5x5 is gonna be around 70% 1rm and I have done it as high as 80%. However this wasn't maximal effort on any except maybe the last set.

How you approach it depends on what you need to put in for intensity. My preferred way is go either do repeating sets which is the same weight for all 5; or, do a top set of 5 at a high intensity like rpe 8 or 9 and then drop the weight down 5 to 10% and repeat that weight for 4x5. 

I think classic 5x5 is just repeated sets.


----------



## DieYoungStrong (Dec 13, 2018)

True 5x5 is straight weight across the working sets.


----------



## Seeker (Dec 13, 2018)

5x5 you should know your 1rm and 5rm.


----------



## silvereyes87 (Dec 14, 2018)

When i choose 5x5 its gonna be something moderately heavy but i want to be able to get through all my sets.


----------



## Straight30weight (Dec 14, 2018)

The way I see it, if I hit 5 max on the first set I’m not hitting 5 max on the last. I’d either have to sandbag the first couple sets, or max higher than 5 on the first couple.


----------



## Gadawg (Dec 14, 2018)

Have people seen good results with this program?


----------



## PillarofBalance (Dec 14, 2018)

Gadawg said:


> Have people seen good results with this program?



I love to bash 5x5 but yes it produces results, however results will always vary. My personal opinion is 531 would be a better place to start. 

What 5x5 does well, is it teaches that technique and simplicity will win long term every single time. 

You will get out what you put in.


----------



## Gadawg (Dec 14, 2018)

PillarofBalance said:


> I love to bash 5x5 but yes it produces results, however results will always vary. My personal opinion is 531 would be a better place to start.
> 
> What 5x5 does well, is it teaches that technique and simplicity will win long term every single time.
> 
> You will get out what you put in.



I could never get on board with any of these programs because I just have to go to failure or I get bored.


----------



## Maijah (Dec 14, 2018)

5 sets of 5 reps


----------



## PillarofBalance (Dec 14, 2018)

Gadawg said:


> I could never get on board with any of these programs because I just have to go to failure or I get bored.



Lololol my programs would ****ing kill you. Don't judge maximal strength training by 5x5. That's like saying tren is garbage because eq is stupid.


----------



## Gadawg (Dec 14, 2018)

PillarofBalance said:


> Lololol my programs would ****ing kill you. Don't judge maximal strength training by 5x5. That's like saying tren is garbage because eq is stupid.
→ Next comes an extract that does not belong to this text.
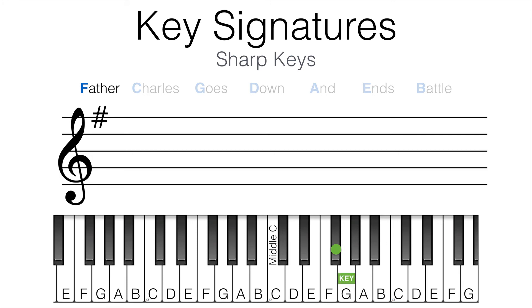Let's try this with some other examples. What if we have a key that has three sharps: F sharp, C sharp, and G sharp? Take the last sharp given and find a diatonic semitone above that sharp. Our last sharp is G sharp, and a diatonic semitone above G sharp is A. So if we have three sharps, we're in the key of A major.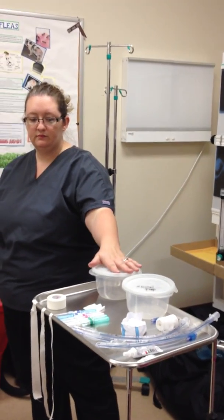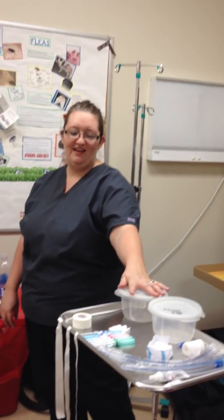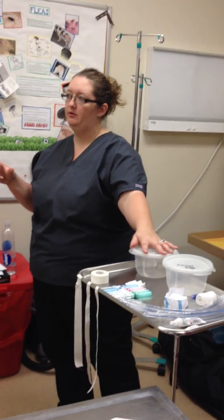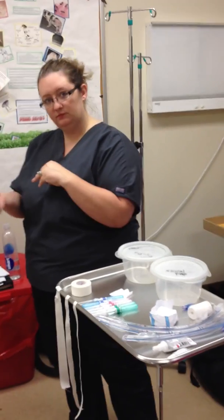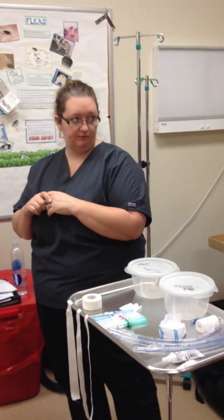You guys know how to set up your line. You should have a large piece of tape with the surgery rate — drips for 10 seconds, mLs per hour, maintenance rate, and your overdose — written on there. And your hypotension rate as well.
Oh, Im not that ignorant.  Im sure advanced PL lifter programs are brutal. I just dont have the tendons anymore to find out.  As far as bench goes these days, if I cant push it six times, it's too heavy.  


Sorry to hijack.  As for the OP, Ive always thought of 5x5 as a good program for beginner and intermediate lifters and I always figured very few of the sets were to failure.  Good chance Im incorrect on plenty of that.


----------



## Viduus (Dec 15, 2018)

Seeker said:


> 5x5 you should know your 1rm and 5rm.




I feel like everyone else is overthinking this.

If you hit true failure at 4x5, you went to heavy but still had a good workout. Lower it next time.

If you hit 5x5 and still have some left, turn it into 6x5 or 7x5 and have a good workout then raise the weight next time. 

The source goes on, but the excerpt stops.